■ TASK ITEM
Set down, please, exactly the lines below that run from the line with "BYD F3 2013, 30,000 km - 1.5 l - Bakı" to the line with "Showing Product Image 4 of 17", both lines included.

■ WORKING DATA

··········

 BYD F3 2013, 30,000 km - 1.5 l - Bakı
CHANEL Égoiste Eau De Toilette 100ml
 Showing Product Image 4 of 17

··········

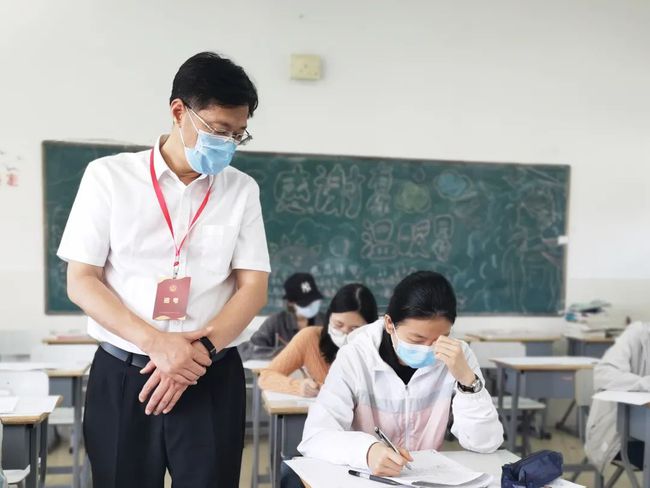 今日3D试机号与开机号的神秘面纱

··········

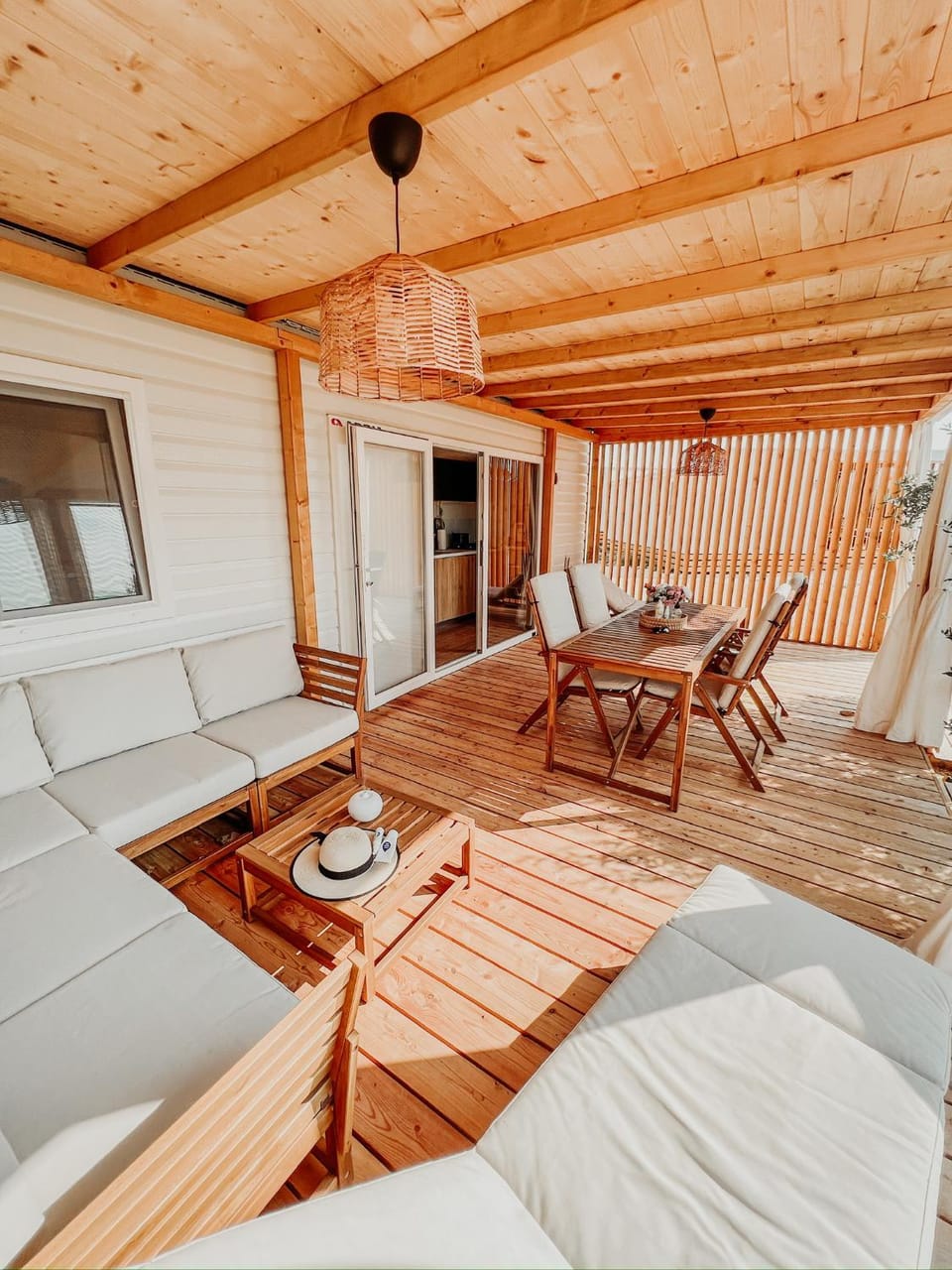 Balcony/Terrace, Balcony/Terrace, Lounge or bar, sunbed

··········

■ SOLVED EXERCISE
 BYD F3 2013, 30,000 km - 1.5 l - Bakı
CHANEL Égoiste Eau De Toilette 100ml
 Showing Product Image 4 of 17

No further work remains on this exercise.